In experiments on mice, eglumegad was found to be as effective as diazepam for treating anxiety symptoms in several standard tests, but without producing any of the negative side effects of diazepam such as sedation and memory impairment. Tests in humans confirmed that it produced anxiolytic effects without producing sedation. However it did slightly reduce cognitive performance in tests on monkeys. Eglumegad has also been found to be effective in relieving the symptoms of withdrawal from chronic use of both nicotine and morphine in animals, as well as inhibiting the development of tolerance to morphine, raising hope that this drug may be useful for treating drug addiction in humans. Eglumegad and related drugs are neuroprotective and are synergistic with the neuroprotection produced by N-methyl-D-aspartic acid antagonist drugs, which may make these drugs useful in aiding recovery from brain injury. This class of drugs also interacts with hallucinogenic drugs, with eglumegad reducing the effects of 5HT2A agonist hallucinogens, while conversely the mGluR2/3 antagonist LY341495 increased the behavioural effects of these drugs. This suggests that mGluR2/3 agonists such as eglumegad may have potential uses in the treatment of some forms of psychosis, although eglumegad had only limited effects on the action of the dissociative drugphencyclidine which is generally a better model for schizophrenia than the 5HT2A agonist hallucinogens. Eglumegad also interferes in the hypothalamic–pituitary–adrenal axis, with chronic oral administration of this drug leading to markedly reduced baseline cortisol levels in bonnet macaques ; acute infusion of eglumegad resulted in a marked diminution of yohimbine-induced stress response in those animals.
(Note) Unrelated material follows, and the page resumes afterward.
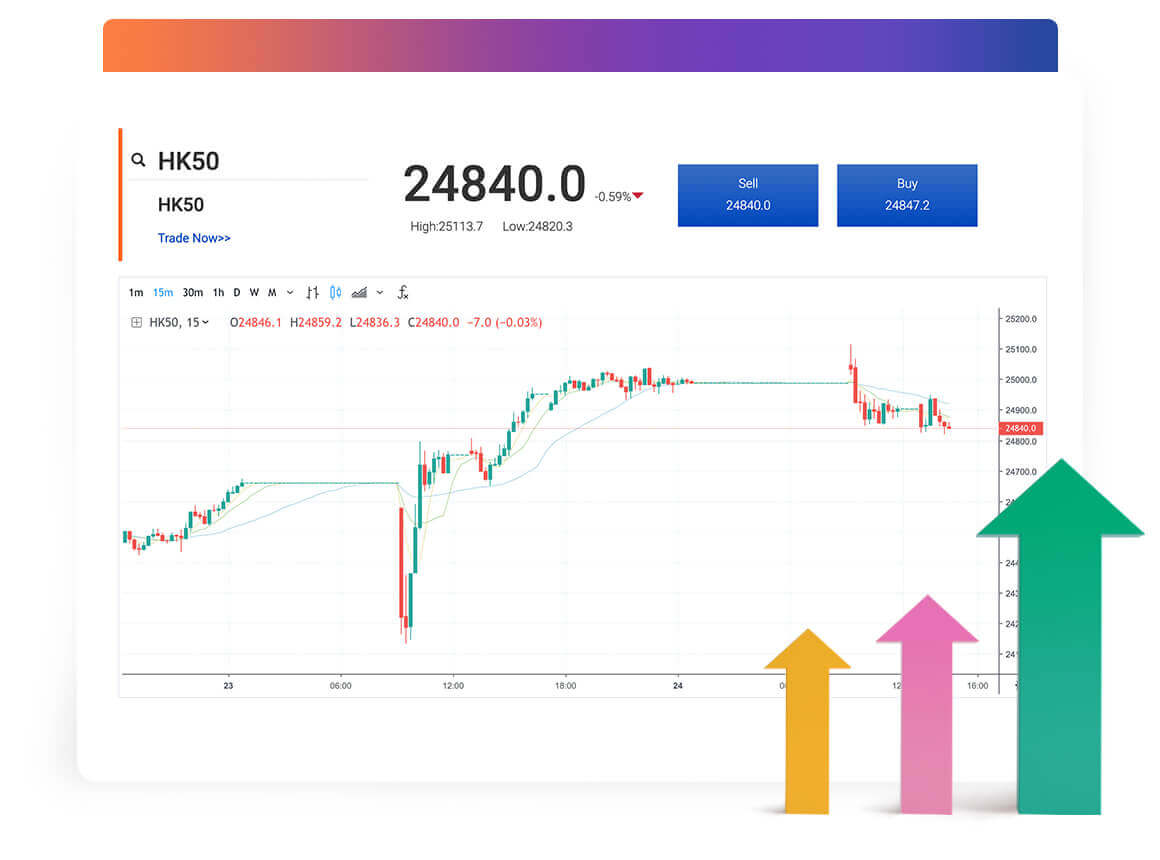 Una imagen de la tendencia del precio del EURUSD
In human adrenocortical cells, eglumegad has been shown to down-regulate intracellular cyclic AMP and steroidogenesis, with a significant decrease in aldosterone and cortisol production.
Clinical development
Development of this drug and related compounds is continuing, with several clinical trials completed and more planned. Poor oral bioavailability of the original formulation led to limited efficacy in the initial human trials, and so the prodrug form LY544344 did seem to be a more likely drug candidate for further development. However a clinical trial of LY544344 was discontinued early based on findings of convulsions in preclinical studies.